Each manager needs his defining moment. On the anniversary of Wrexham’s victory over Arsenal, could Kevin Wilkin be on the verge of his?
Wrexham Football Club has, over its one hundred and fifty years of existence, earned a terrific reputation as a giant-killing club. If a manager wants to be commemorated in the clubs proud hall of fame, some exploits in a cup would go down rather well.
Going back through the club’s history is rather revealing, and makes you feel rather spoilt, as you realise there haven’t been many managers in the modern era who haven’t served up a cup upset.
John Neal, Arfon Griffiths and Brian Flynn all enjoyed strings of upsets, of course, while Andy Morrell had that fine 1-0 win at Brentford, subsequently overshadowed by the near miss against Brighton, and Scunthorpe and Sheffield Wednesday were both beaten on their own patches by Denis Smith’s side, as well as Bradford City at The Racecourse.

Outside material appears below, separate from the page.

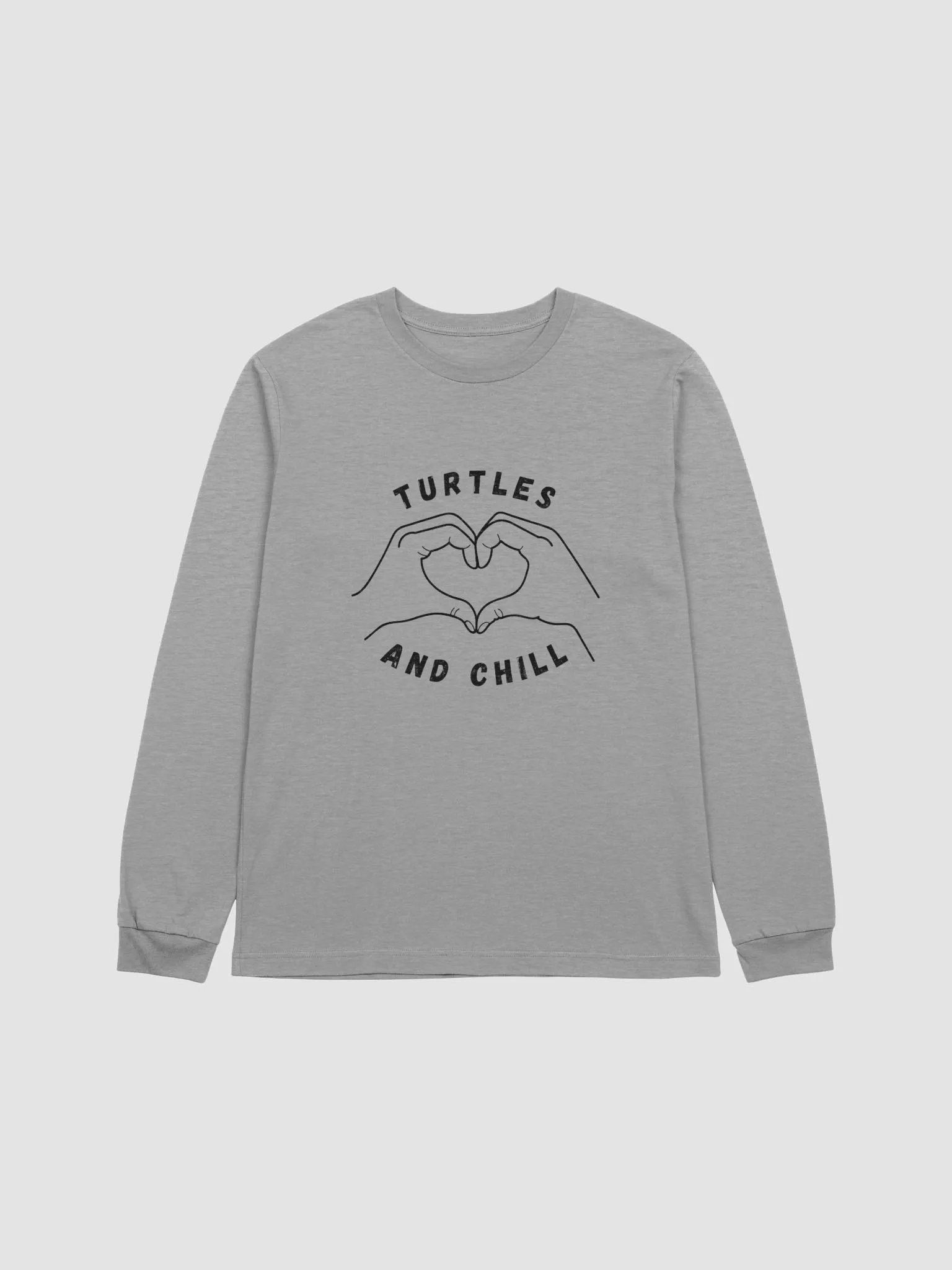 TurtChillHrt - Long Sleeve Tee product image (3)
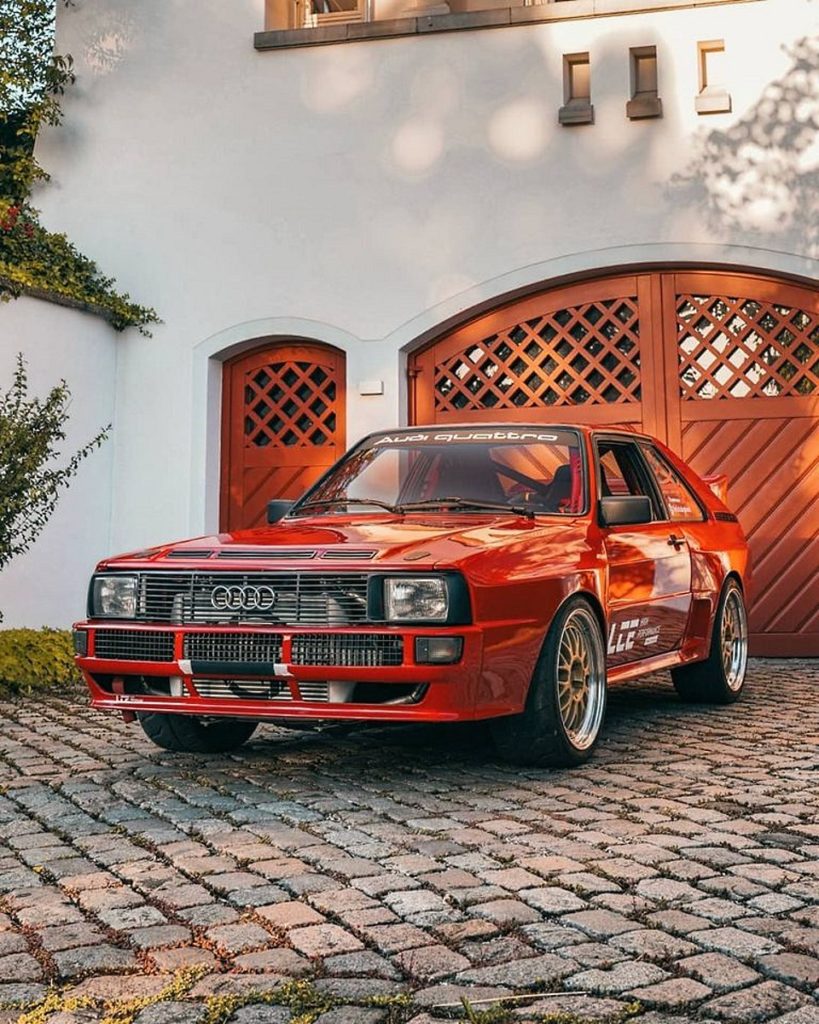 Audi Sport quattro restomod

In the dark days of the 1980s there were still sparkling bright spots. Despite presiding over relegation to Division Four, Bobby Roberts will always have Porto, Mel Sutton had that fine win at Nottingham Forest in his sole season and Dixie McNeil led us to a 3-1 defeat of Bolton in 1985.
Even Brian Carey managed a win on penalties at Port Vale in the League Cup, even though three months later he’d been dismissed.
Of the eleven men who preceded Wilkin, only two haven’t beaten a team from a higher division. In fact, Dean Saunders actually managed the opposite: he lost only 3 of his first 23 games as Wrexham manager, but two of them were to lower division opposition, Eastwood Town and Southport, in the FA Cup and the Setanta Shield.
Brian Little didn’t manage to pull off a shock: one might try to argue in his favour that he was only in charge for one cup tie, but as that was a 4-2 defeat by Llanelli in the Welsh Premier Cup in which we threw away a 2-0 lead, I think it’s fair to say his pedigree wasn’t shaping up promisingly. He does have one promising link to today’s match though: he was manager of Stoke when we enjoyed our sole victory over them in sixteen attempts.
So Wilkin has an illustrious precedent to try to follow. If he can achieve the feat at his first attempt today, he would certainly write his name firmly at the top of this admirable list.